> What to produce: Produce the same data once more, line for line.

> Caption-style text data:

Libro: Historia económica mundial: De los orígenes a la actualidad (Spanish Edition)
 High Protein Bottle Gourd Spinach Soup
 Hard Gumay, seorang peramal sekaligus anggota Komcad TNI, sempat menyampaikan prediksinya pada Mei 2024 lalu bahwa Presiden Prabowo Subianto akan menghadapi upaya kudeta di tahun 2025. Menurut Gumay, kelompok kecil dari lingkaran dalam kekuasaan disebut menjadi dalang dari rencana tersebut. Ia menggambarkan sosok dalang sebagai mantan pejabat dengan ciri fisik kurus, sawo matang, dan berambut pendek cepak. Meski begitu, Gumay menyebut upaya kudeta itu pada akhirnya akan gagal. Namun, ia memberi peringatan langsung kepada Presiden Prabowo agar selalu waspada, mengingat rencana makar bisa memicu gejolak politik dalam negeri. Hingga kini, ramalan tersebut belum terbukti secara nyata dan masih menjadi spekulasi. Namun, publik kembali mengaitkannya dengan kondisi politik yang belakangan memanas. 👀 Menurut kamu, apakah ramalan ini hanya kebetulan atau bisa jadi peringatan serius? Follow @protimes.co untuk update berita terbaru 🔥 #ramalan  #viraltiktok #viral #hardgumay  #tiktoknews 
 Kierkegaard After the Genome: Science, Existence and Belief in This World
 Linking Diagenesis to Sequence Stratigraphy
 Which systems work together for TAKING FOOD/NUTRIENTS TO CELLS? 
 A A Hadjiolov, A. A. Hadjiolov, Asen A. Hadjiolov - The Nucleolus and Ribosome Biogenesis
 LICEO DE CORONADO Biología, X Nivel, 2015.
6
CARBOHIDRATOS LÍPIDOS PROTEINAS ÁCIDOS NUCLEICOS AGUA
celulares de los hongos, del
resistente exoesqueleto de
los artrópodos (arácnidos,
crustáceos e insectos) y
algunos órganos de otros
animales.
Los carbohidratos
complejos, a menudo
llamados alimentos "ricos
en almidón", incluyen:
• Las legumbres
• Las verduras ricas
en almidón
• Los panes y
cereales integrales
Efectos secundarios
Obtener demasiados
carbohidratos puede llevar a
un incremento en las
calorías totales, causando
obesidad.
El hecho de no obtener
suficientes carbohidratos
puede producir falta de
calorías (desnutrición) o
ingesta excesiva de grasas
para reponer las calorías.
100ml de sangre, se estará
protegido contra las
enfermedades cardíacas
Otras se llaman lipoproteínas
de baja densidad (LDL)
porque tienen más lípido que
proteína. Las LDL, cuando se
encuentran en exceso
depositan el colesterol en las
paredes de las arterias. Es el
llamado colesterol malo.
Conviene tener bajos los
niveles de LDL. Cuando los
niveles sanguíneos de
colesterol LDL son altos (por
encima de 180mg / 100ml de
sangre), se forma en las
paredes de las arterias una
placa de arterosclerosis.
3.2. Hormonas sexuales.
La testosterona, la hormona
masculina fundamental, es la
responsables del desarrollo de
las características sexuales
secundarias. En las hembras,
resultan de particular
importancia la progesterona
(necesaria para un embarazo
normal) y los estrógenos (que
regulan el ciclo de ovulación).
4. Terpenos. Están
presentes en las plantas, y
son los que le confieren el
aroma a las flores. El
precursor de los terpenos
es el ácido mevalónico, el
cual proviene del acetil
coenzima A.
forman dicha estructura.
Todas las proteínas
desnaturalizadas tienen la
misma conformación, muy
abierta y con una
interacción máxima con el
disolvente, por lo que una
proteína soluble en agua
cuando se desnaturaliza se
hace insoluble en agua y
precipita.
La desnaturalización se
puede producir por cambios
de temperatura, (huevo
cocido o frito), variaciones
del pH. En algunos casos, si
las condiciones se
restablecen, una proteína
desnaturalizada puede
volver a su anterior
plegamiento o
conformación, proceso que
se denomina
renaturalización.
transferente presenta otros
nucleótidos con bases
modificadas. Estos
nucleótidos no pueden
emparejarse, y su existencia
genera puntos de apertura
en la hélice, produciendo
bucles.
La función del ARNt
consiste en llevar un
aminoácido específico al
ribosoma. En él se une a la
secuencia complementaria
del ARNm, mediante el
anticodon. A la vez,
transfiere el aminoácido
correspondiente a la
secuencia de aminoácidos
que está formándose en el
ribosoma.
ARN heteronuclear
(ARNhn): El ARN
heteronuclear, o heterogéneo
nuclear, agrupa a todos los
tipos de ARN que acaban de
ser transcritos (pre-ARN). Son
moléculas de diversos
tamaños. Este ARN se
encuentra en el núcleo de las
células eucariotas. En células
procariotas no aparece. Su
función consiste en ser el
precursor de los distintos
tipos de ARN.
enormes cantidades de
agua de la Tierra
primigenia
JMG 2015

> Written response:
Libro: Historia económica mundial: De los orígenes a la actualidad (Spanish Edition)
 High Protein Bottle Gourd Spinach Soup
 Hard Gumay, seorang peramal sekaligus anggota Komcad TNI, sempat menyampaikan prediksinya pada Mei 2024 lalu bahwa Presiden Prabowo Subianto akan menghadapi upaya kudeta di tahun 2025. Menurut Gumay, kelompok kecil dari lingkaran dalam kekuasaan disebut menjadi dalang dari rencana tersebut. Ia menggambarkan sosok dalang sebagai mantan pejabat dengan ciri fisik kurus, sawo matang, dan berambut pendek cepak. Meski begitu, Gumay menyebut upaya kudeta itu pada akhirnya akan gagal. Namun, ia memberi peringatan langsung kepada Presiden Prabowo agar selalu waspada, mengingat rencana makar bisa memicu gejolak politik dalam negeri. Hingga kini, ramalan tersebut belum terbukti secara nyata dan masih menjadi spekulasi. Namun, publik kembali mengaitkannya dengan kondisi politik yang belakangan memanas. 👀 Menurut kamu, apakah ramalan ini hanya kebetulan atau bisa jadi peringatan serius? Follow @protimes.co untuk update berita terbaru 🔥 #ramalan  #viraltiktok #viral #hardgumay  #tiktoknews 
 Kierkegaard After the Genome: Science, Existence and Belief in This World
 Linking Diagenesis to Sequence Stratigraphy
 Which systems work together for TAKING FOOD/NUTRIENTS TO CELLS? 
 A A Hadjiolov, A. A. Hadjiolov, Asen A. Hadjiolov - The Nucleolus and Ribosome Biogenesis
 LICEO DE CORONADO Biología, X Nivel, 2015.
6
CARBOHIDRATOS LÍPIDOS PROTEINAS ÁCIDOS NUCLEICOS AGUA
celulares de los hongos, del
resistente exoesqueleto de
los artrópodos (arácnidos,
crustáceos e insectos) y
algunos órganos de otros
animales.
Los carbohidratos
complejos, a menudo
llamados alimentos "ricos
en almidón", incluyen:
• Las legumbres
• Las verduras ricas
en almidón
• Los panes y
cereales integrales
Efectos secundarios
Obtener demasiados
carbohidratos puede llevar a
un incremento en las
calorías totales, causando
obesidad.
El hecho de no obtener
suficientes carbohidratos
puede producir falta de
calorías (desnutrición) o
ingesta excesiva de grasas
para reponer las calorías.
100ml de sangre, se estará
protegido contra las
enfermedades cardíacas
Otras se llaman lipoproteínas
de baja densidad (LDL)
porque tienen más lípido que
proteína. Las LDL, cuando se
encuentran en exceso
depositan el colesterol en las
paredes de las arterias. Es el
llamado colesterol malo.
Conviene tener bajos los
niveles de LDL. Cuando los
niveles sanguíneos de
colesterol LDL son altos (por
encima de 180mg / 100ml de
sangre), se forma en las
paredes de las arterias una
placa de arterosclerosis.
3.2. Hormonas sexuales.
La testosterona, la hormona
masculina fundamental, es la
responsables del desarrollo de
las características sexuales
secundarias. En las hembras,
resultan de particular
importancia la progesterona
(necesaria para un embarazo
normal) y los estrógenos (que
regulan el ciclo de ovulación).
4. Terpenos. Están
presentes en las plantas, y
son los que le confieren el
aroma a las flores. El
precursor de los terpenos
es el ácido mevalónico, el
cual proviene del acetil
coenzima A.
forman dicha estructura.
Todas las proteínas
desnaturalizadas tienen la
misma conformación, muy
abierta y con una
interacción máxima con el
disolvente, por lo que una
proteína soluble en agua
cuando se desnaturaliza se
hace insoluble en agua y
precipita.
La desnaturalización se
puede producir por cambios
de temperatura, (huevo
cocido o frito), variaciones
del pH. En algunos casos, si
las condiciones se
restablecen, una proteína
desnaturalizada puede
volver a su anterior
plegamiento o
conformación, proceso que
se denomina
renaturalización.
transferente presenta otros
nucleótidos con bases
modificadas. Estos
nucleótidos no pueden
emparejarse, y su existencia
genera puntos de apertura
en la hélice, produciendo
bucles.
La función del ARNt
consiste en llevar un
aminoácido específico al
ribosoma. En él se une a la
secuencia complementaria
del ARNm, mediante el
anticodon. A la vez,
transfiere el aminoácido
correspondiente a la
secuencia de aminoácidos
que está formándose en el
ribosoma.
ARN heteronuclear
(ARNhn): El ARN
heteronuclear, o heterogéneo
nuclear, agrupa a todos los
tipos de ARN que acaban de
ser transcritos (pre-ARN). Son
moléculas de diversos
tamaños. Este ARN se
encuentra en el núcleo de las
células eucariotas. En células
procariotas no aparece. Su
función consiste en ser el
precursor de los distintos
tipos de ARN.
enormes cantidades de
agua de la Tierra
primigenia
JMG 2015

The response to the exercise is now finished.